BEGIN

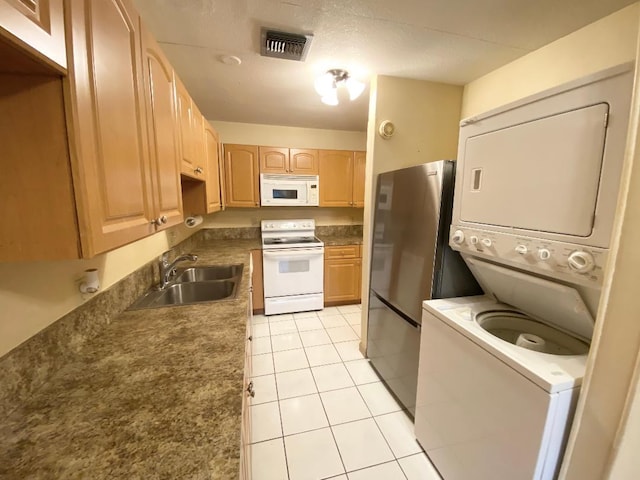 kitchen featuring white appliances, stacked washer / dryer, a sink, light brown cabinets, and light tile patterned flooring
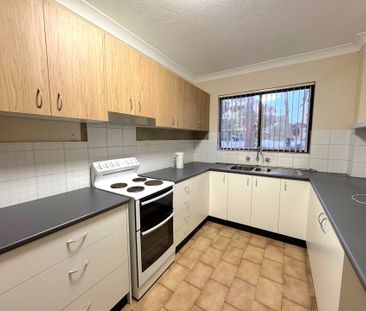 Large 2 Bedroom Unit - Great Location - Photo 1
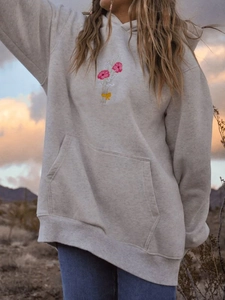 Oversized light grey hoodie with floral embroidery and kangaroo pocket for women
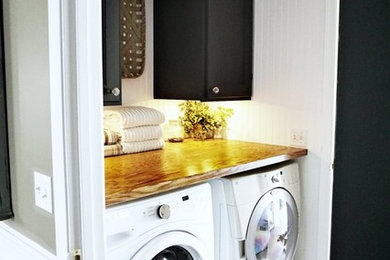 Imagen de lavadero de galera campestre pequeño con puertas de armario negras, encimera de madera, paredes blancas, suelo laminado y lavadora y secadora juntas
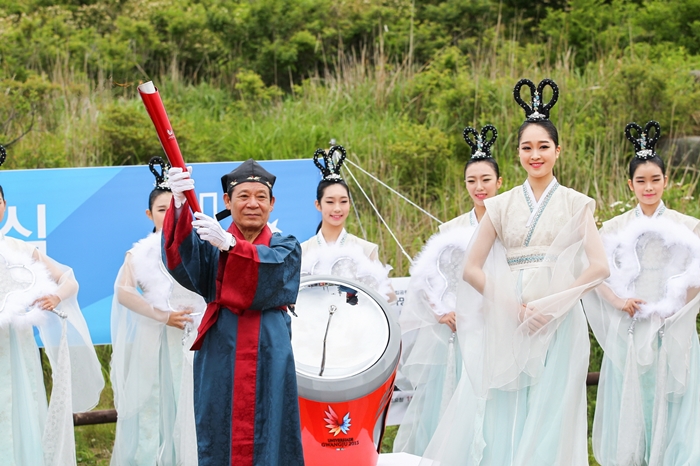 Gwangju Universiade Organizing Committee President Yoon Jang-hyun holds up the lit torch for the Gwangju Summer Universiade Games at the Jangbuljae mountain pass at Mudeungsan National Park.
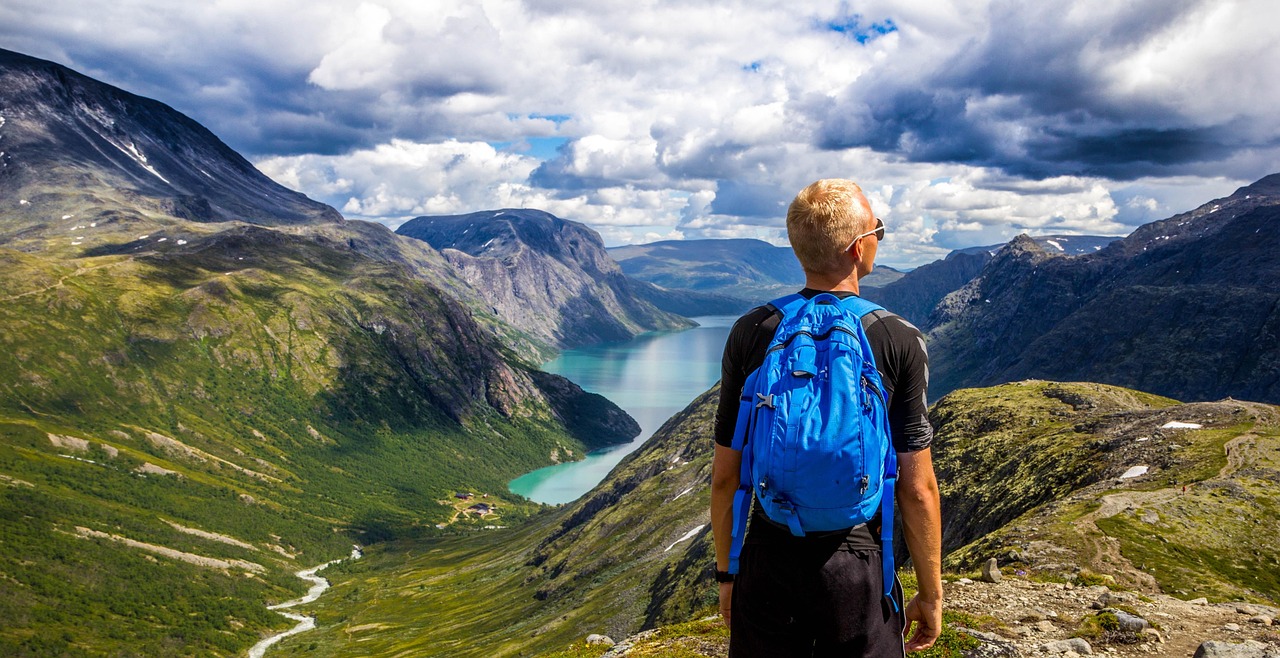 Wandern im Sommer: Ein Mann genießt die Aussicht auf einen Bergsee.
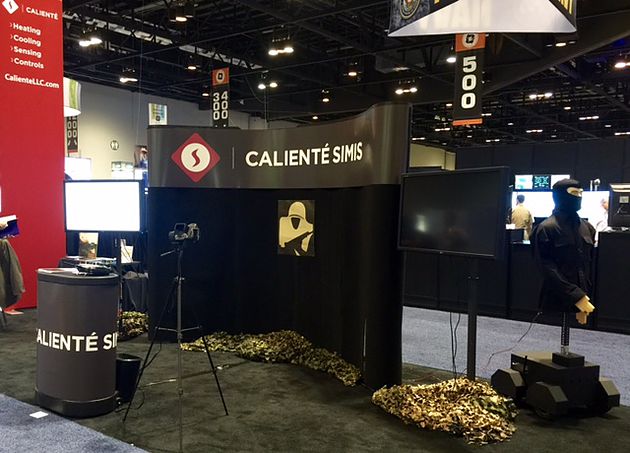 Caliente SimIS trade show booth featuring a camouflaged robotic target and mannequin display.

END

• _What this task involves_: Set the lines down exactly as they stand, from the one containing "Wandern im Sommer: Ein" through the end of the listing, omitting every picture.

• _Task output_:
 Wandern im Sommer: Ein Mann genießt die Aussicht auf einen Bergsee.
 Caliente SimIS trade show booth featuring a camouflaged robotic target and mannequin display.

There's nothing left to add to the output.